April 1: An afternoon fire at Mountain Creek Apartments that displaced residents is traced to a cigarette. Eight companies of firefighters responded to the scene.
April 14: A fire at 3503 Hoyt St. caused $26,000 in damage. Investigators ruled the fire accidental, saying that a 7-year-old boy found a lighter and set linens on fire in a bedroom.
April 15: Cigarettes dumped in a trash bag on a woman's front porch in Lookout Valley started a blaze that caused $5,000 in damage.
April 19: Chattanooga firefighters were called to a mobile home where a child playing with a cigarette lighter started a fire in a bedroom. The damage estimate was $25,000.
Thursday: Firefighters rushed the Courts at Waterford, 6220 Shallowford Road, about 2:30 p.m. to battle a fire that started on the balcony of an apartment because of cigarette butts that were not properly extinguished.
With three residential fires since April 1 tied to cigarettes and another two started by cigarette lighters, Chattanooga fire officials have a message for smokers: Extinguish your smokes properly by wetting them and keep the lighters away from children.
"Especially here recently, the main cause is due to the improper disposal of the ashes and butts where they're just dumping it in the trash can with combustible products," said Chattanooga Fire Marshal Bill Matlock. "When you do that, you're just asking for trouble."
A Thursday afternoon fire at the Courts at Waterford on Shallowford Road is believed to have begun after residents discarded their cigarette butts into a plastic bag and placed the bag on the balcony of their apartment.
It is believed the butts smoldered and heated up enough in the bag to start the fire that spread to the exterior siding of the balcony.
The fire did an estimated $10,000 in damage.
While no serious injuries or deaths have been reported because of cigarette fires in Chattanooga this year, four residential fires have started because of cigarettes, not counting two caused in April by children playing with lighters.

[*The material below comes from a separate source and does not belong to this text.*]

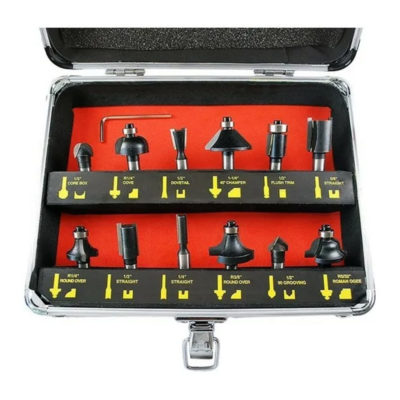 Набор фрез по дереву 12 предм. металлическая коробка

Deputy Fire Marshal Seth Miller said eight fires in 2013 were confirmed to be the result of cigarettes and added that number could be higher because of some inconclusive investigations.
Nationally, the U.S. Fire Administration says smoking is the top cause of home and fire deaths and that, on average, 1,000 people die yearly in smoking-related home fires.
A Jan. 24 fire at Carriage Parc Apartments on Gunbarrel Road caused by a smoldering cigarette butt destroyed 12 units. Another 12 sustained water damage as firefighters battled the blaze.
That fire started in the middle of the night and displaced about 75 people. It took hours for crews to extinguish. Luckily, no serious injuries resulted.
"It was still a tremendous loss, but the people were able to get out and we saved as much property as we could with what happened," Matlock said. "But it could always be worse."
On private property, the reach of the fire department is limited. Matlock said crews routinely see people who are on oxygen and continue smoking or who smoke in bed. The department cannot regulate that activity; it can only raise awareness about its dangers.
With summer and its dry weather approaching, smokers should be even more aware of what they do with their butts.
"We're liable to go through a spell without rain at any point," he said, "and we'll be sitting here with a tinderbox and when someone throws it out, we'll have brush fires that could become residential fires."